Methods: A representative outbreak HuNoV strain (GII.4) was suspended in SFG or PBS, and the same solution inoculated on stainless steel coupons. The suspensions and coupons were held at room temperature for up to 42 days, with periodic recovery of virus inoculum. Viral RNA was extracted and quantified by RT-qPCR targeting the orf 1-orf 2 junction, with and without a prior RNase pre-treatment.

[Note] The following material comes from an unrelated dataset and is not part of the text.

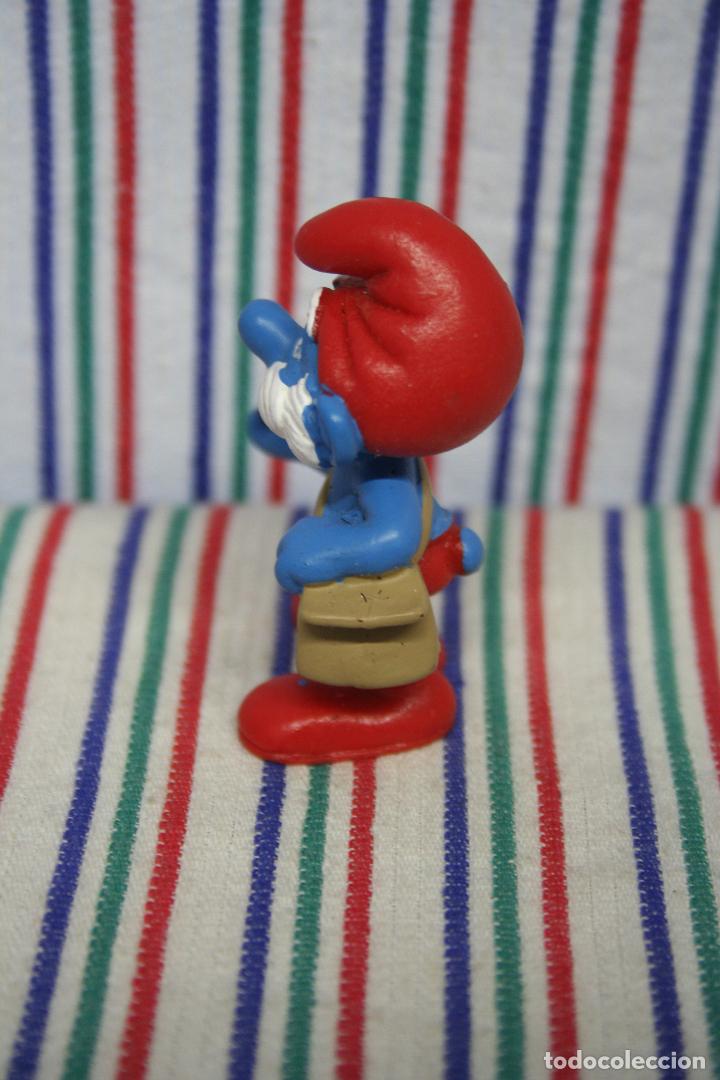 Figuras de goma y PVC: PAPA PITUFO CON BOLSA DE PEYO - Foto 3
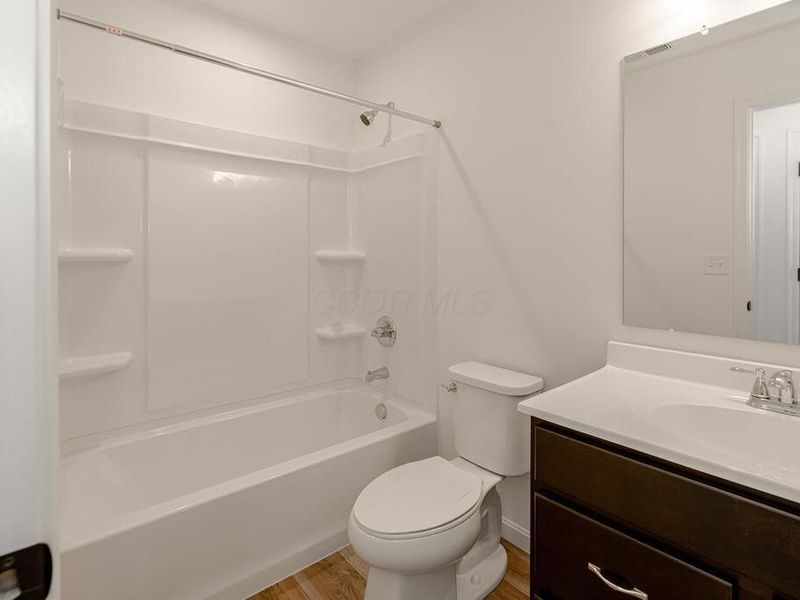 1033 Queen Bee Place, Grove City, OH 43123 Photo 16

Results: There were no statistically significant differences (P > 0.05) between virus persistence over time when comparing RT-qPCR assays with and without prior RNase treatment except for when HuNoV was diluted in PBS and used in surface studies. In suspension assays, the genome copy number of HuNoV GII.4 suspended in SGF decreased by 1.0 log over 42 days, while that for the virus suspended in PBS dropped by 0.1 log. When inoculated on stainless steel coupons, the HuNoV GII.4 genome copy number decreased by 0.03 log in 42 days for inoculum diluted in SGF, while a decrease of 2.2 log was observed for the PBS inoculum. In both cases, there were statistically significant (P < 0.05) differences between virus persistence in SGF when compared to PBS.
Significance: This study demonstrates that HuNoV suspended in vomitus-like material can persist for long periods. Such environmental persistence likely contributes to foodborne transmission, as contaminated surfaces serve as a source of contamination to foods, especially during storage or preparation.